From Self-Attention to Mixture of Experts: A First-Principles Exploration

This blog captures my journey as I tried to understand how a Transformer block works — from the self-attention mechanism to the feed-forward network (FNN), and eventually into the world of Mixture of Experts (MoE). Rather than jumping into equations or research jargon, I started with simple questions that naturally arose as I tried to break things down from first principles.

How Does Self-Attention Work?

I began by trying to make sense of self-attention. The key insight is:

Self-attention learns which tokens in a sequence should attend to each other.

Each token outputs a 768-dimensional vector (assuming hidden size = 768). For 10 tokens, the self-attention layer gives us a 10×768 matrix. This output then goes to the next layer in the Transformer block.

What Happens After Self-Attention?

The next layer is the Feed-Forward Network (FNN), which is applied independently to each token.

This initially confused me:

“Do we feed all 10 tokens into a single FNN?”

No. It turns out that each of the 10 token embeddings is passed independently through the same FNN, i.e., the same parameters are applied to each token’s vector in parallel (not 10 different FNNs). This is efficiently implemented in batch using matrix operations.

What Does “Independently” Mean?

“Independently” just means that the FNN processes each token vector without considering the others. It does not mean separate FNNs—just the same FNN applied to each token.

So What Does the FNN Actually Do?

A standard Transformer FNN looks like this:

FNN(x) = max(0, xW₁ + b₁)W₂ + b₂

Input: A 768-dim token vector
Hidden layer: Often 3072-dim (called d_ff)
Output: Back to 768-dim

So it expands, applies nonlinearity, and compresses back.

Where Do Mixture of Experts (MoE) Come In?

While standard Transformers use the same FNN for all tokens, MoE replaces this shared FNN with a pool of multiple FNNs (called “experts”), and each token is routed to a subset of these experts.

However, this raises problems:

If you have limited experts, they may be forced to learn a hybrid of unrelated knowledge.
This reduces specialization—the very thing MoE was supposed to improve.

💡 Fine-Grained Expert Segmentation

To solve this, the paper I studied proposed splitting each expert into m smaller “micro-experts”, reducing the hidden size of each by 1/m.

Then, instead of activating 2 full experts (top-2 routing), we activate m×K micro-experts to maintain the same total compute.

Why is this better?

Each micro-expert specializes in a smaller space.
More combinations: If you split 16 experts into 4 each → 64 micro-experts.

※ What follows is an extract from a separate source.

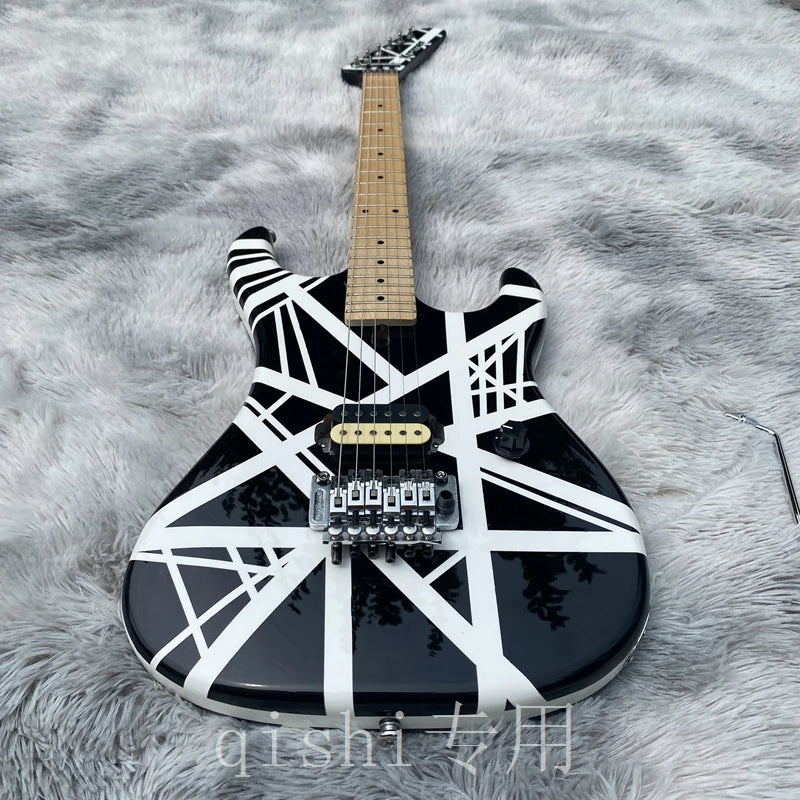 Black and White 5150 Electric Guitar Canadian Maple Fingerboard Eddie Edward Van Halen Frankenstein Guitar - Premium Electric Guitar from Lizard Vigilante - Just $497.99! Shop now at Lizard Vigilante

Top-8 routing yields millions of combinations, improving flexibility.

How Does the Math Work?

If each expert’s hidden size is d_ff, and we split it into m micro-experts, then:

Each micro-expert gets a hidden size of d_ff / m
Total parameter count stays the same
Routing selects mK micro-experts instead of K full experts

This gives you a fine-grained, modular way to distribute knowledge across specialized units.

Summary

Here’s what I learned:

Self-attention routes information across tokens.
FNNs act token-wise, without inter-token communication.
MoE allows model capacity to scale without increasing compute per token.
Fine-grained MoE introduces micro-experts to balance specialization and compute.
More expert combinations = better coverage and flexibility.

Thanks for reading!